Hizo sus primeros años en el campo, en los predios que lo vieron nacer, en la zona cafetera tan religiosa y pacata, de campesinos minifundistas con algunos ricos hacendados que aún añoraban los tiempos de siervos y poramberos, explotados y humillados, siempre al lado de los humildes. Llegó a Medellín como obispo auxiliar para explorar soluciones para los jóvenes que empezaban a perder su vida y sus ilusiones en las ardorosas fauces del narcotráfico.

No pude seguir sus huellas, pero nunca estuve lejos de su vida, indagué año tras año a qué lugar iba y qué hacía y me alegraba de su firme apostolado social, de sus inapelables convicciones, de su entrega a las causas del pueblo. Lo volví a ver años después de mi regreso de la guerrilla y entendí que en su moderación había comprendido mejor que yo a este país sembrado de odios y venganzas.

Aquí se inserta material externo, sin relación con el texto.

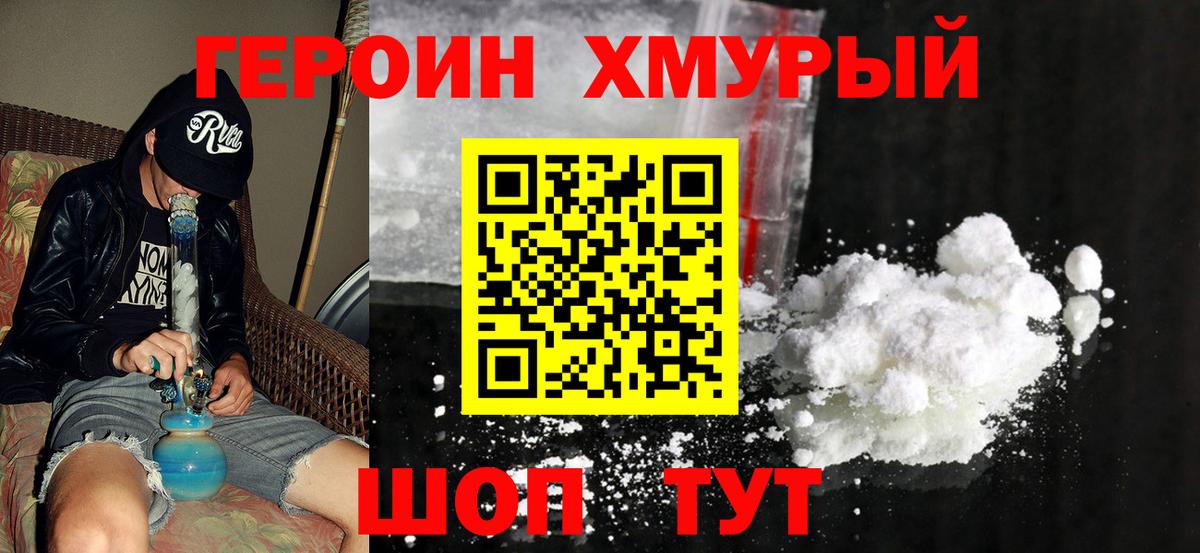 ГАШИШ  Каннабис  MDMA  Вход с VPN  Бошки Шишки  Мефедрон кристаллы  Сочи  КОКАИН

Cali no ha sido su cruz, Cali ha sido su realización, el punto donde se anudan sus ilusiones, una ciudad negra, la más negra de las grandes ciudades colombianas, también blanca, de elites egoístas que miran de soslayo esos barrios trepidantes de Siloé y Aguablanca, que desdeñan ese conflicto armado que sacude cada rincón del Pacífico y se anuncia al mundo a través de Buenaventura y de un mar opaco como ese vientre misterioso de las selvas del Chocó.

Fue allí como arzobispo, me dijo un día, para alentar la participación de miles de jóvenes en la vida política y social del país y para buscar un diálogo eficaz entre ese mundo ignorado, ese mundo amenazado, avasallado, golpeado, por la ignominia de la guerra y la discriminación y los encumbrados grupos empresariales del Valle del Cauca, tan cultivados intelectualmente, tan modernos en su vida personal, pero tan ciegos en el trato a sus trabajadores y a los desvalidos.

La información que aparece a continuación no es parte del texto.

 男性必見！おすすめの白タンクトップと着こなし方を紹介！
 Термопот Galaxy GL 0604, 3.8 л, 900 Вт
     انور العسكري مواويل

No tiene nada de extremista, nada de radical, solo posiciones firmes frente a la mentira y la injusticia, solo compromisos con la verdad y con el anhelo de paz. Por eso un día fue capaz de decir que a Alfonso Cano no lo habían matado en un combate limpio, que su muerte había ocurrido en condiciones de indefensión. Después, esquivando el escepticismo sobre la paz del ELN, le dijo al país que estaba dispuesto a ayudar a traer a este grupo –que en algo escucha sus consejos– a la vida civil. Recientemente, a contrapelo de las orientaciones de la Conferencia Episcopal, alzó su voz para llamar a votar Sí en el plebiscito para refrendar los acuerdos de paz.

Ahí está el origen de las amenazas de muerte que le llegaron recientemente a la casa de su obispo auxiliar. La derecha atrabiliaria no le perdona la cruzada de reconciliación. No quiere que siga en Cali. Quieren obligar al papa a que lo traslade a otro lugar, o, quizás, piensan que, si esto no pasa, algún plan atroz se les ocurrirá para sacarlo del medio. Así lo dice Darío sin espantarse, sin perder la sonrisa de siempre.

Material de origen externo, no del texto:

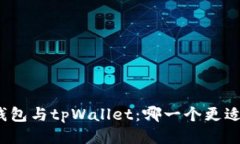 狐狸钱包与tpWallet：哪一个更适合你？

Me aterran esas cosas y siento un vacío en el estómago y pienso que eso no tendrá cabida en la Colombia de la transición. Que el país necesita a este obispo mesurado, conciliador, par indiscutible de Francisco, un papa al que escuchan poco en estas tierras de graves antagonismos.

A mis lectores les debo entonces una columna sobre Harari, del que leí en alguna biografía que es de origen judío, vegano y gay y desde esa condición hace hipótesis atrevidas y creíbles sobre las religiones, los atavismos alimentarios, la homosexualidad, el dinero, los imperios, la revolución cognitiva, la agraria, la científica, el vasto pasado y el incierto futuro de la humanidad, todo en dos libros, en 1.000 divertidas páginas.